In einer aktuellen Studie berechnen Forscher*innen der BOKU und der IIASA, welchen Beitrag landwirtschaftliche Biomasse weltweit zur zukünftigen Energieversorgung leisten kann. Dieses Potential wurde in früheren Studien meist zu optimistisch eingeschätzt; darüber hinaus müssen auch systemische Effekte wie Landnutzungsänderungen, Auswirkungen auf Kohlenstoffbestände in Böden und nicht zuletzt auch Artenvielfalt berücksichtigt werden. Die Studie wurde in „Environmental Research Letters“ veröffentlicht. 

Das globale Potenzial von Biomasse zur Energieerzeugung ist trotz umfangreicher Forschung Gegenstand anhaltender Kontroversen. Grund dafür sind große Unsicherheiten hinsichtlich zukünftiger Entwicklungen, etwa bei landwirtschaftlichen Erträgen oder Trends bei Ernährungsgewohnheiten.
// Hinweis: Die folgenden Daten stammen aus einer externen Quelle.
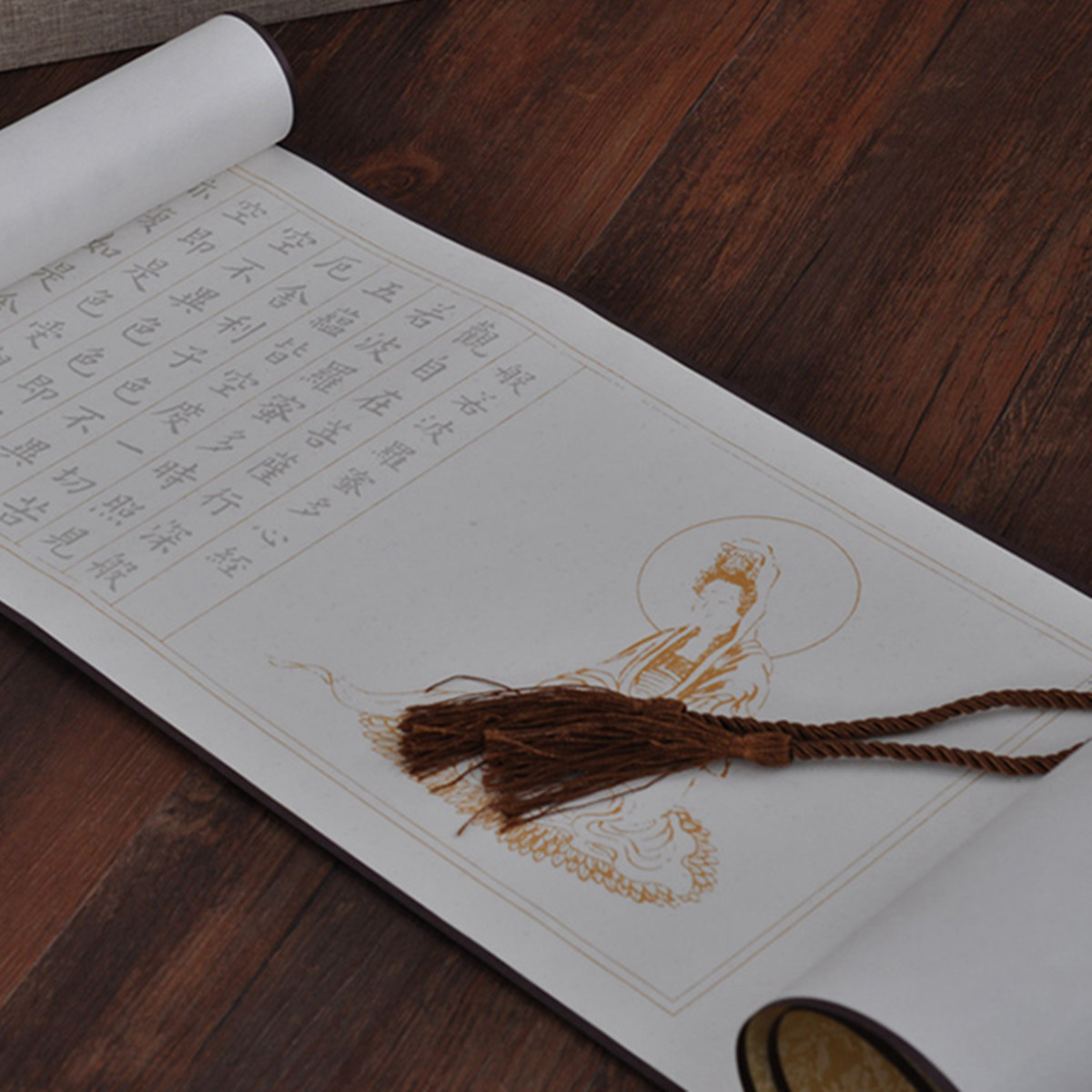 Ou Kai Xin Sutra tracing red rice paper scroll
Insbesondere eine Zu- oder Abnahme des Fleischkonsums würde sich stark auf die Verfügbarkeit landwirtschaftlicher Flächen für Bioenergie auswirken. In den allermeisten Szenarien, die mit ehrgeizigen Klimazielen vereinbar sind, spielt landwirtschaftliche Biomasse eine zentrale Rolle für die globale Energieversorgung. 
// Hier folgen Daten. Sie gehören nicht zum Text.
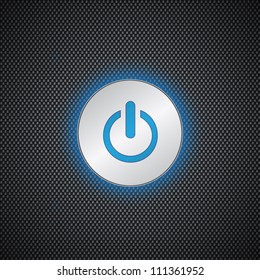 Blue power button on black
Biomassepotentiale hängen stark von unsicheren Faktoren ab
Die Forscher*innen vom Institut für Soziale Ökologie der Universität für Bodenkultur Wien verwenden das globale Biomassebilanzmodell BioBaM-THG, um weltweite Biomassepotentiale abzuschätzen. Dafür werden die Nachfrage und Produktion an landwirtschaftlichen Produkten, mögliche Änderungen der Flächennutzung sowie die Treibhausgasemissionen der Landwirtschaft für verschiedene Entwicklungspfade berechnet. Die Ergebnisse geben Aufschluss darüber, welche Mengen an Biomasse unter diversen Rahmenbedingungen zur Energieerzeugung genutzt werden können, und wie sich dies auf die gesamten Treibhausgasemissionen der Landwirtschaft auswirkt.
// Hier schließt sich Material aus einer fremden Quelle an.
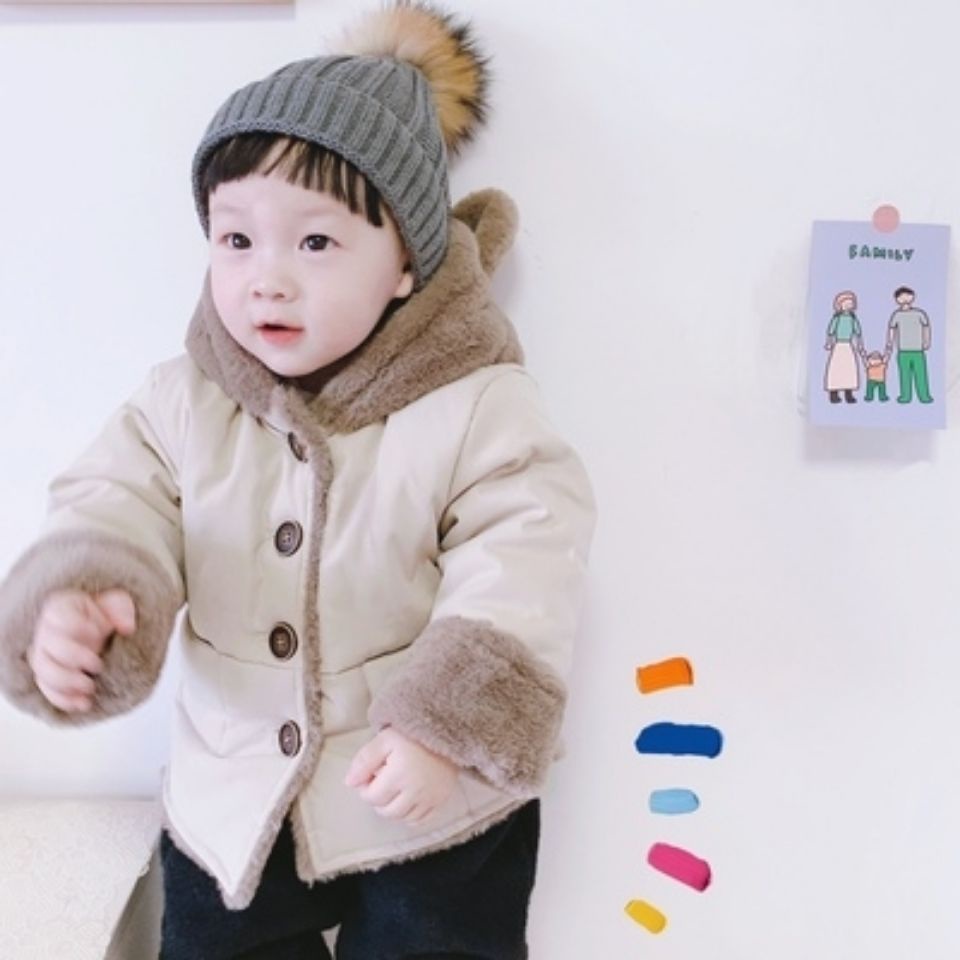 Áo khoác lót lông đuôi tôm tai thỏ cho bé dày ấm Cho Bé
Große Unterschiede bei Treibhausgasbilanzen landwirtschaftlicher Rohstoffe 
Neben eigens angebauten Energiepflanzen, denen gemeinhin das größte Potential zugeschrieben wird, können Ernterückstände wie Stroh oder auch Gülle zur Energieerzeugung eingesetzt werden. Hinsichtlich der Treibhausgasbilanz ist die Nutzung von Gülle in Biogasanlagen klar zu bevorzugen, da durch die Biogasgewinnung die bei anderen Güllesystemen anfallenden Methan- und Lachgasemissionen weitgehend verhindert werden können. Die energetische Nutzung von Ernterückständen führt längerfristig zu einer Reduktion des Kohlenstoffbestandes in Böden. Je mehr Biomasse energetisch genutzt wird, umso stärker kommt dieser Effekt zum Tragen und vermindert somit den erwünschten Klimaeffekt des Umstiegs von fossilen Energieträgern auf Biomasse. 

Ähnlich verhält es sich mit eigens angebauten Energiepflanzen: Die Effekte der landwirtschaftlichen Intensivierung, die erforderlich ist, um Flächen für Bioenergie ohne negative Auswirkungen auf die Nahrungsmittelversorgung bereitzustellen, führen zu umso höheren indirekten Treibhausgasemissionen pro Energieeinheit, je mehr Biomasse bereitgestellt werden soll. 

Landwirtschaftliche Intensivierung ermöglicht mehr Bioenergie, birgt aber auch große Risiken
In globalen Langfriststudien wird häufig davon ausgegangen, dass durch die steigende Effizienz in der Landwirtschaft weltweit große Flächen für die Produktion von Energiepflanzen frei werden. Landwirtschaftlicher Biomasse wird daher meist eine zentrale Rolle für ein zukünftiges, auf erneuerbaren Quellen basierendes Energiesystem zugeschrieben. Die Voraussetzungen dafür - nämlich eine weltweite Intensivierung der Landwirtschaft und massive Änderungen globaler Landnutzungsmuster - sind jedoch kritisch zu sehen.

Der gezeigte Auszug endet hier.